# coverings show, orlando



## genecarp (Mar 16, 2008)

anyone going to the coverings show in orlando this week? it is one of the largest stone and tile shows in the country. manufacturers from all over the world come to show off there products. i attend to keep up on whats out there, and make contacts for importing.


----------



## JJC (Nov 5, 2005)

Yes I'll be there! I've attended Coverings for the last 10 yrs or so and can't understand why more contractors don't attend. It's free, over 80 classes during the week that are free, great networking which is free, fantastic parties that are free. With the show alternating between Orlando and Chicago for the foreseeable future there is now no excuse not to attend. Did I mention it's free!! Try getting free at Surfaces or JLC Live etc.


----------



## MattCoops (Apr 7, 2006)

Do they ever get to Charlotte?


----------



## Ceramictec (Feb 14, 2008)

MattCoops said:


> Do they ever get to Charlotte?


where ? :laughing:


----------



## Ceramictec (Feb 14, 2008)

JJC said:


> It's free, over 80 classes during the week that are free, great networking which is free, fantastic parties that are free. Did I mention it's free!!

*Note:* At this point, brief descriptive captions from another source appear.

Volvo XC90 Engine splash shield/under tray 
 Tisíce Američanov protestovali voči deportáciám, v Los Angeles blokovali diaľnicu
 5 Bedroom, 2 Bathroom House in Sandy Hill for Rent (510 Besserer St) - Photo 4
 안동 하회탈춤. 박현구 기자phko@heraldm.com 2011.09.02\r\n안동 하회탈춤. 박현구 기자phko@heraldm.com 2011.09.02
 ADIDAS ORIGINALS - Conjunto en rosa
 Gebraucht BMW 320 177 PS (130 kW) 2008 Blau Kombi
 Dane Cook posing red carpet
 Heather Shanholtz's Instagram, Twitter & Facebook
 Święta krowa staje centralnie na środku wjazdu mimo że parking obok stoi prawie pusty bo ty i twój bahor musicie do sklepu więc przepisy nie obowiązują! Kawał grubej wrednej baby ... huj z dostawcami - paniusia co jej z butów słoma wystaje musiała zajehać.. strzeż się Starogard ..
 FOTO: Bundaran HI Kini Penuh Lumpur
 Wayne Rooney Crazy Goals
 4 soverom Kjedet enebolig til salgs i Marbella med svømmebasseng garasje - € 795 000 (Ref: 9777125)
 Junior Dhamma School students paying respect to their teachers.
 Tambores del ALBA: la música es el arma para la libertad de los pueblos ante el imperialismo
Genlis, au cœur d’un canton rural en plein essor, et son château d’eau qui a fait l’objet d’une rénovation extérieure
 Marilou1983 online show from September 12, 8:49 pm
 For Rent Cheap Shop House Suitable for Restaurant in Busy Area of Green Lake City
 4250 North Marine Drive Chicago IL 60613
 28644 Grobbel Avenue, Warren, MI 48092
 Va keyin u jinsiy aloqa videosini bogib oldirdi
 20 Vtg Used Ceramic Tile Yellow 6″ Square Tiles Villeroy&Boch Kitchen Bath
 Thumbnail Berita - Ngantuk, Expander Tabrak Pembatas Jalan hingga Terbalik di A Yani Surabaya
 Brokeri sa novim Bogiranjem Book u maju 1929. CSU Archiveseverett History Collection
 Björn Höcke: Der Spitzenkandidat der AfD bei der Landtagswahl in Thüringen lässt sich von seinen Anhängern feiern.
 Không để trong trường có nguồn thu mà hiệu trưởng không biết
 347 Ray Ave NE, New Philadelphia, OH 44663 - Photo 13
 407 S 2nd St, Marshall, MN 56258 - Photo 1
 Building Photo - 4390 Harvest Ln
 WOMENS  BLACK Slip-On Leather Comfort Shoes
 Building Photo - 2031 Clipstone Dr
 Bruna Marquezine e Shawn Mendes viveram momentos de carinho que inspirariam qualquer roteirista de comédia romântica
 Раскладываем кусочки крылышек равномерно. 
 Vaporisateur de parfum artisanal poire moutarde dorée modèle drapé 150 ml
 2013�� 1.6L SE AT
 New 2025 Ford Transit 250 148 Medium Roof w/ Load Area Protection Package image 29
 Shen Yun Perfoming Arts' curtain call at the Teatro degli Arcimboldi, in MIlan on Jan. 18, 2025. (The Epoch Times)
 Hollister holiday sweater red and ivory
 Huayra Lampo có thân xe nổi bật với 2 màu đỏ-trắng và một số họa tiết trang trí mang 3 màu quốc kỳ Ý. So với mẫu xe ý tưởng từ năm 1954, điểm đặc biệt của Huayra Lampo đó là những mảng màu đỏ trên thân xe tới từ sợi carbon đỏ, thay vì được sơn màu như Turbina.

maybe you like it because your from *Free*port, Maine. arty:


----------



## JJC (Nov 5, 2005)

Caught me!! :thumbup:


----------



## Bill_Vincent (Apr 6, 2005)

Hey Jim, he oughta take a walk down along the walk downtown by LLBeans! Ain't nothin even CLOSE to free down there!! :laughing::laughing::laughing:


----------



## JJC (Nov 5, 2005)

Hi Bill,
Your right there is nothin free in freeport.
Great seeing your again at Laticrete and thanks for making the effort to attend.
I realize it is a great distance and expense to travel to a workshop.
Got some good pictures and some great ones that Henry took during the hands on part of the workshop. I'm sending them on to our editor in hopes of having them go along with a story of the events. These things take a toll on you as both Gerald and I just completed a two week road trip. 
Thanks again,
Jim


----------



## Bill_Vincent (Apr 6, 2005)

JJC said:


> Great seeing your again at Laticrete and thanks for making the effort to attend.
> I realize it is a great distance and expense to travel to a workshop.


It was my pleasure! Not only did I get alot of good useful information from You guys, but it was also a great excuse to go down and see a bunch of old friends! Steve Rampino and Art Mintie used to work for my family's company years ago-- they both got their start in the trade there.  And as for David and Henry, Kathy and I pretty much grew up with them. HMR was a good friend and business associate of my father and grandfather. In fact, my grandfather was the very first person to place an order with Mr. Rothberg back in 1956. :thumbup:

So this was a great time on many levels! I even got a chance to spend some time with my sister!


----------